The energy crisis holds a large area of attention in scientific research; the production of a high amount of energy based on a small one is also promising, especially cold fusion. One of the most important problems unsolved in physics is explaining the source of excess heat in water electrolysis with palladium (Pd) electrodes, while the hypothesis of cold fusion is not realistic since many experiments fail to detect the nuclear byproducts such as neutrinos and neutrons. This hypothesis is discussed upon the structural investigation of palladium hydride and the small separation of hydrogen ions. The recently published theoretical solution of the hydrogen atom below the Bohr radius (which was founded based on the modified Schrödinger equation) opens a new expectation of discussing this problem.

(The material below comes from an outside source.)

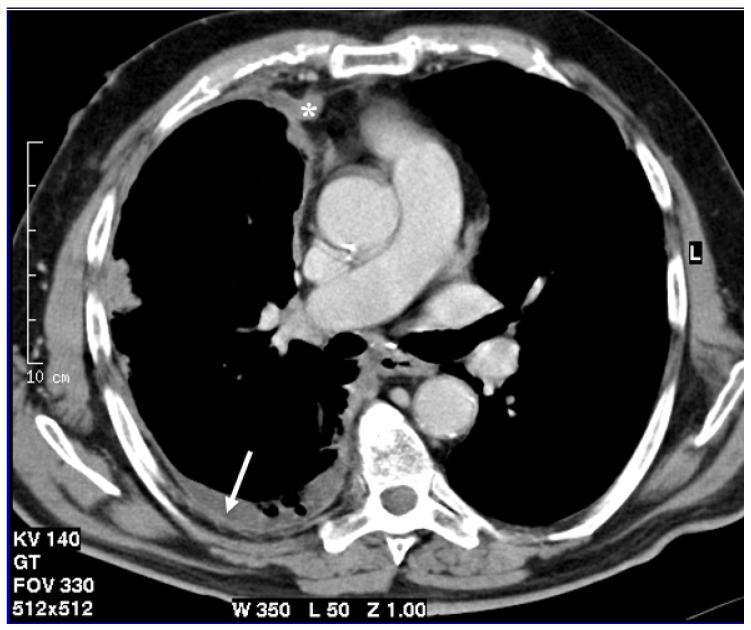 https://cdn.ncbi.nlm.nih.gov/pmc/blobs/1414/8430786/f13572d724ea/cancers-13-04377-g001.jpg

The deionization of hydrogen ions in PdH interstitial positions as a compressed hydrogen atom, which does radiant extreme ultraviolet (EUV) transition to atomic hydrogen later, can be realistic rather than a fusion of hydrogen ions upon two reasons: the possibility of cold fusion and too close hydrogen ions breaking the coulomb potential at this low temperature is a theoretical expectation unconfirmed in any trial, and the amount of excess heat is smaller than it is attributed to this nuclear reaction. A quantitative numerical study of the thermal heat expected based on electrical current loss, cold fusion, and compressed hydrogen atoms is also achieved to confirm the reason for excess heat.